Prologue
“Is it haunted?”
Oh, for the love of . . . “No, Arabella.”
My sister squinted at the monstrosity of an estate growing closer as the SUV sped up the gently climbing driveway. “Look at all the towers. It looks haunted.”
“It’s not,” Bern said.
“How do you know it’s not haunted?” Leon asked from the back.
Because ghosts didn’t exist. “Because Trudy is a nice person, I like her, and she wouldn’t let us buy a haunted house.”
“Yes,” Arabella said, “but did you ask if it was?”
“I did, and Trudy said no.” Our poor, long-suffering Realtor had answered more bizarre questions in the last couple of months than she had during her whole career.
My little sister whipped out her phone and bent her blond head over it.
The entire Baylor family was in the car with the exception of Grandma Frida and my older sister and brother-in-law. We were going to buy a house.

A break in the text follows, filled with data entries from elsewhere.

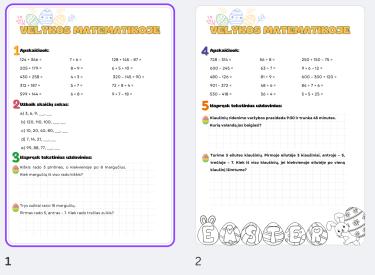 Velykos matematikoje 3 kl.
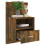 Berkfield Wall-mounted Bedside Cabinets 2 pcs Smoked Oak 9
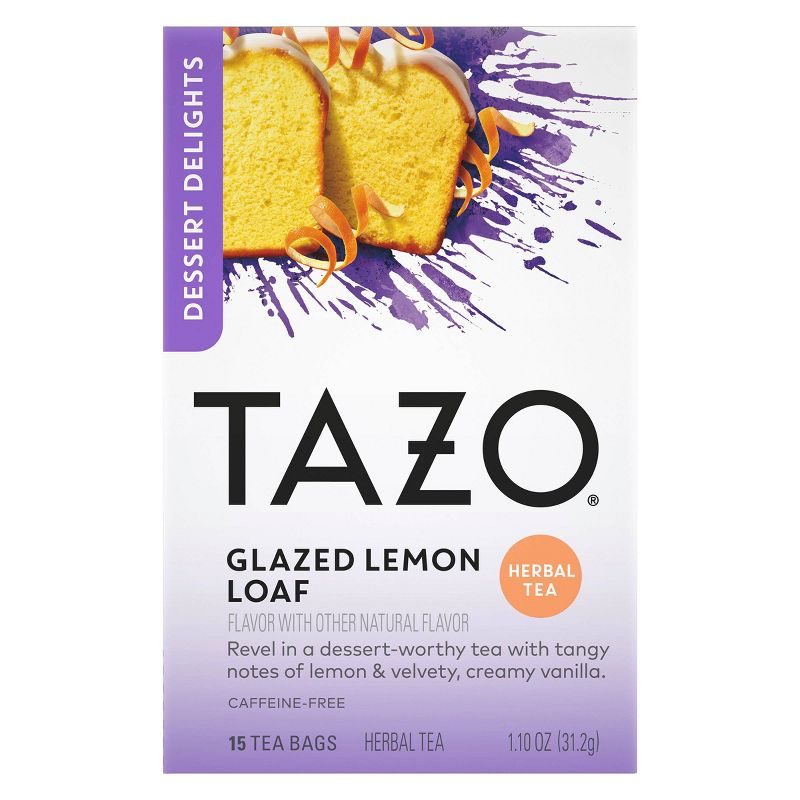 Tazo Glazed Lemon Loaf Dessert Delights Tea Bags - 15ct, 1 of 6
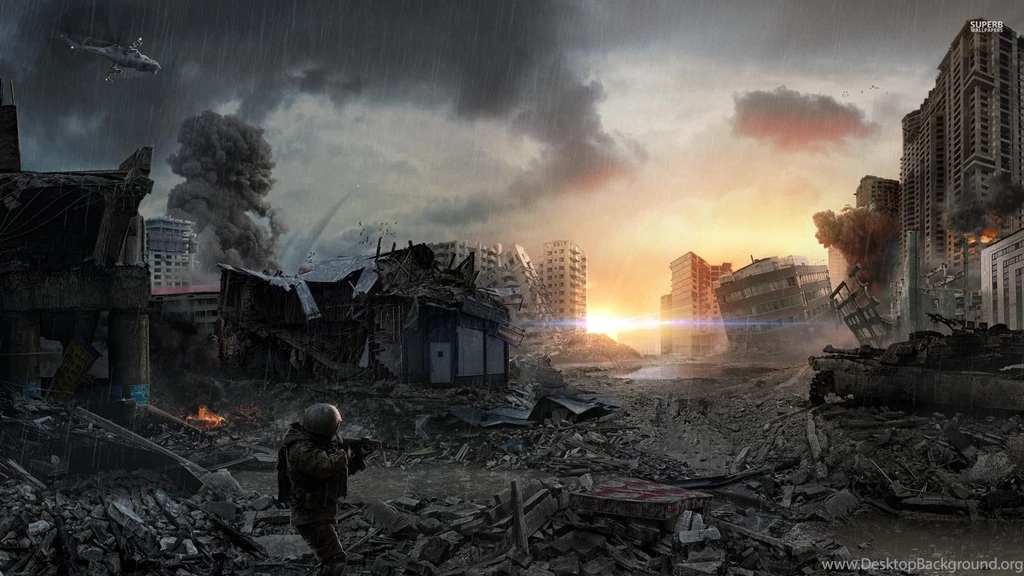 Post apocalyptic City, Apocalypse, Soldier, Fantasy, 1920x1080 HD ...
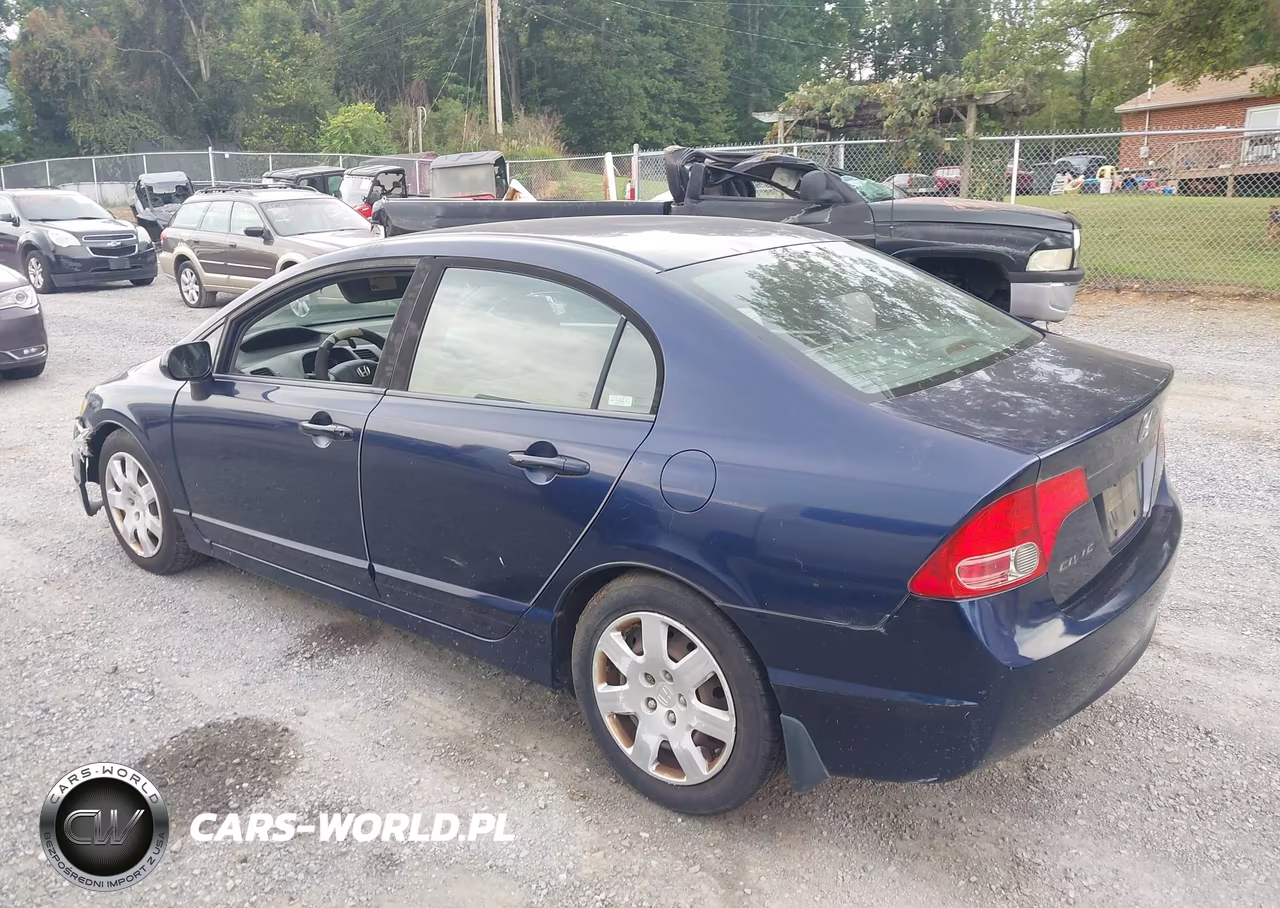 2008 Honda Civic Lx VIN:1HGFA16558L014620 - 3
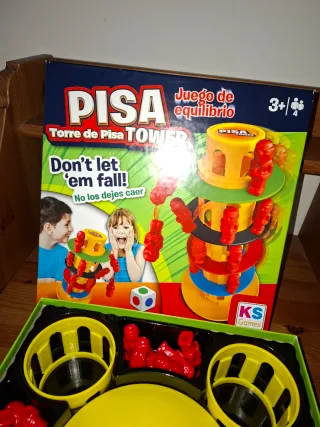 Juego Torre de Pisa Equilibrio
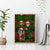 Skeleton Santa Claus Canvas Wall Art Multi Skeleton Santa Pattern Ugly Christmas - Wonder Print Shop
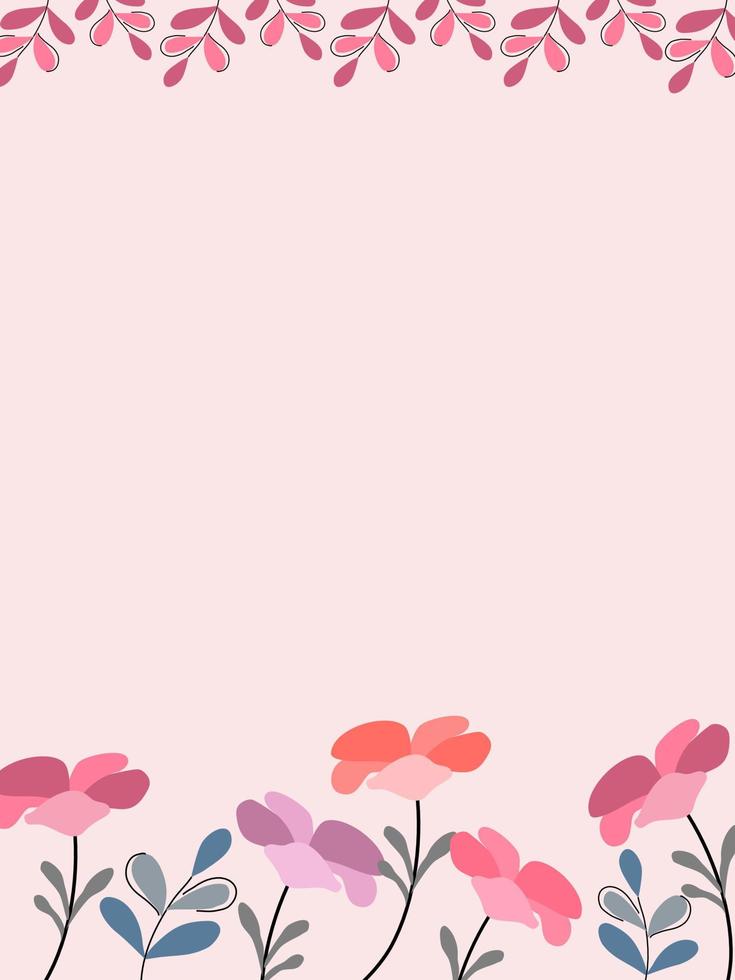 A collection of flowers and leaf patterns backgrounds for cards, worksheets, postcards, scrapbook, covers, paper patterns, weddings, spring themed decorations and more. vector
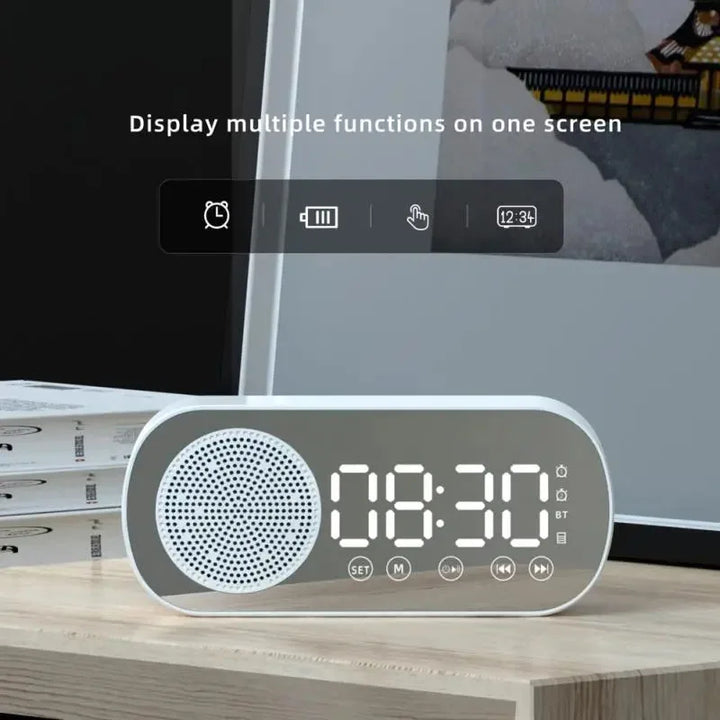 BowLift | Digital Alarm Clock with Bluetooth Speaker &amp; FM Radio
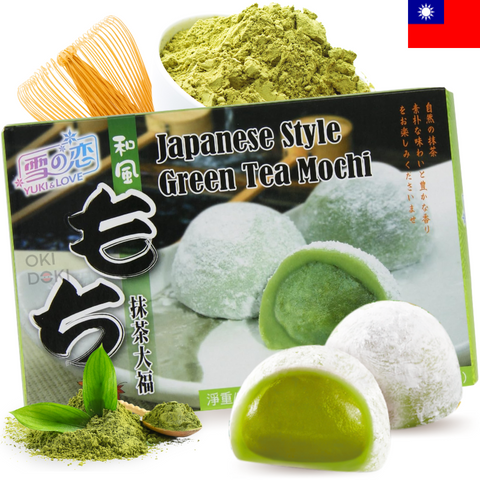 Yuki &amp; Love Matcha Mochi (6 stuks x 35 g) 210 g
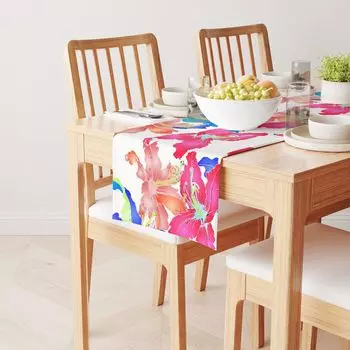 Настольная дорожка, 100 % хлопок, 16x90 дюймов, цветочный 88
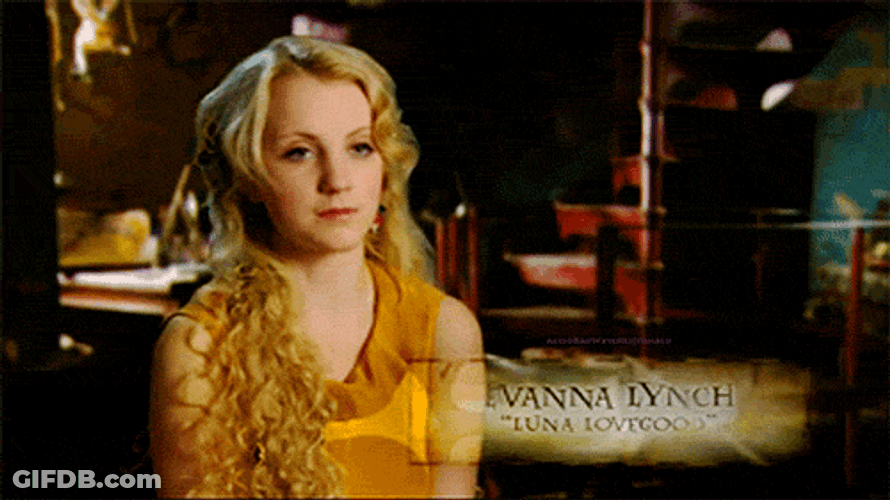 Evanna Lynch As Luna Lovegood Having Interview GIF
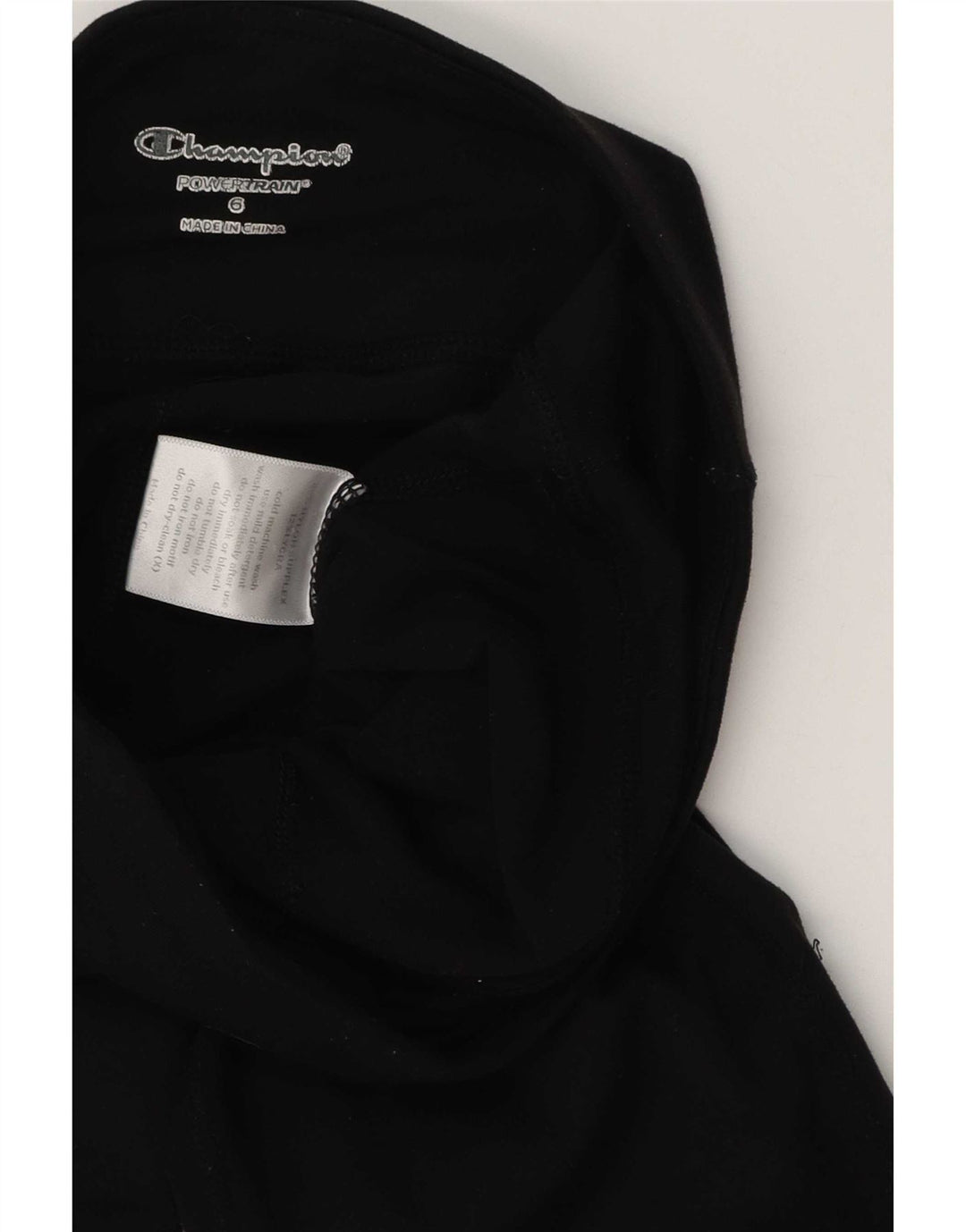 Leggings per ragazze Champion 5-6 anni in nylon nero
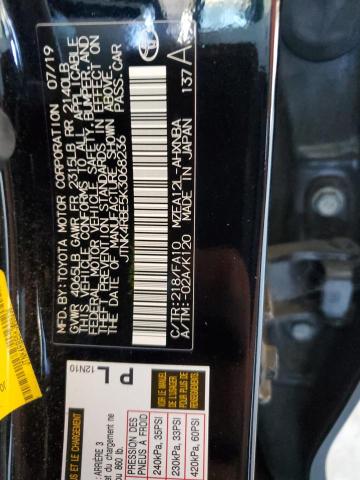 JTNK4RBE5K3068236 - 2019 TOYOTA COROLLA SE BLACK photo 13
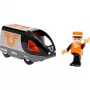 Personenzug BRIO 63604700 orange-schwarz, Holzspielzeugzug-Set, kompatibel mit BRIO-Schienen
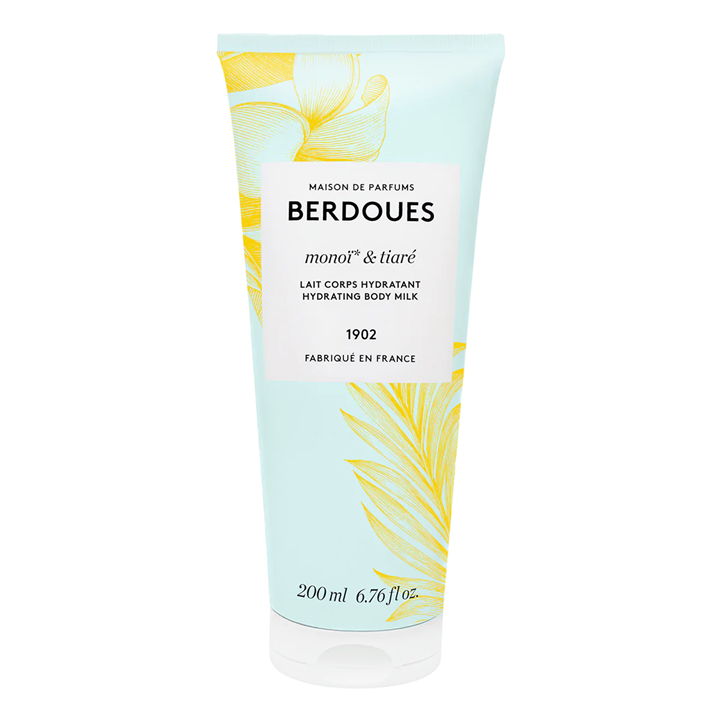 Parfums Berdoues, Monoi & Tiare, Hydrating, Body Milk, 200 ml *Tester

When I was very young, we lived in a typical suburban home. It was just the five of us: my dad, my mom, my older sister Nevada, me, and my younger sister Arabella. Then our two cousins, Bern and Leon, came to live with us because their mother wasn’t worth two cents and nobody knew who their fathers were. Then Dad got sick. We sold the house to pay for his treatment and moved into a warehouse with Grandma Frida, my mother’s mom. Dad died. Nevada, who was seventeen at the time, took over Baylor Investigative Agency, our family business, and she and Grandma Frida, who worked on tanks and mobile artillery for the Texas magical elite, put food on our table and clothes on our backs.
Eventually Nevada came into her magic, and we became House Baylor, one of the prominent families that boasted more than two living Primes, the highest ranked mages. Nevada fell in love and moved out, I ended up as the Head of the House, and one of my first achievements was to blow up the warehouse all of us called home. The fact that said blowing up was completely accidental did nothing to put a roof back over our heads or to decrease my guilt.
For a while we made do with an old industrial building we sort of converted into a habitable home, but all of us hated it. And our needs had changed. All of us, including my little sister, were now adults. We wanted to stay together, both because we loved each other and because House Baylor was a new House and every time we left our building, we sported lovely targets on our backs. Safety in numbers was very much true in our case. But we also desperately needed privacy.
We wanted to live together. Just not together-together.
Finding the right house in our price range had taken forever, but I had my hopes pinned on this one. I really liked it.
“I heard Realtors have to disclose if the house is haunted,” Leon said.
I looked at Mom in the driver’s seat. She gave me an amused smile. No help there.
“Apparently only four states require you to disclose paranormal activity,” Arabella reported. “Nine states require you to notify the buyer if a death occurred on the premises. And Texas does neither.”
“There were no deaths on the premises. Nobody died in the house, so it can’t possibly be haunted,” I told them.
“How do you know nobody died?” Leon asked.
“Because I checked the records,” Bern rumbled.
“That doesn’t mean anything,” Arabella said.
Clearly, there were two teams in this vehicle: Team Facts and Team Facts Be Damned.
“What if they hid it?” Leon asked.
Bern gave his younger brother a look. When it came to uncovering facts, Bern had no equal. If there was a record of something and that record was at any point entered into a computer connected to the Internet, he would find it.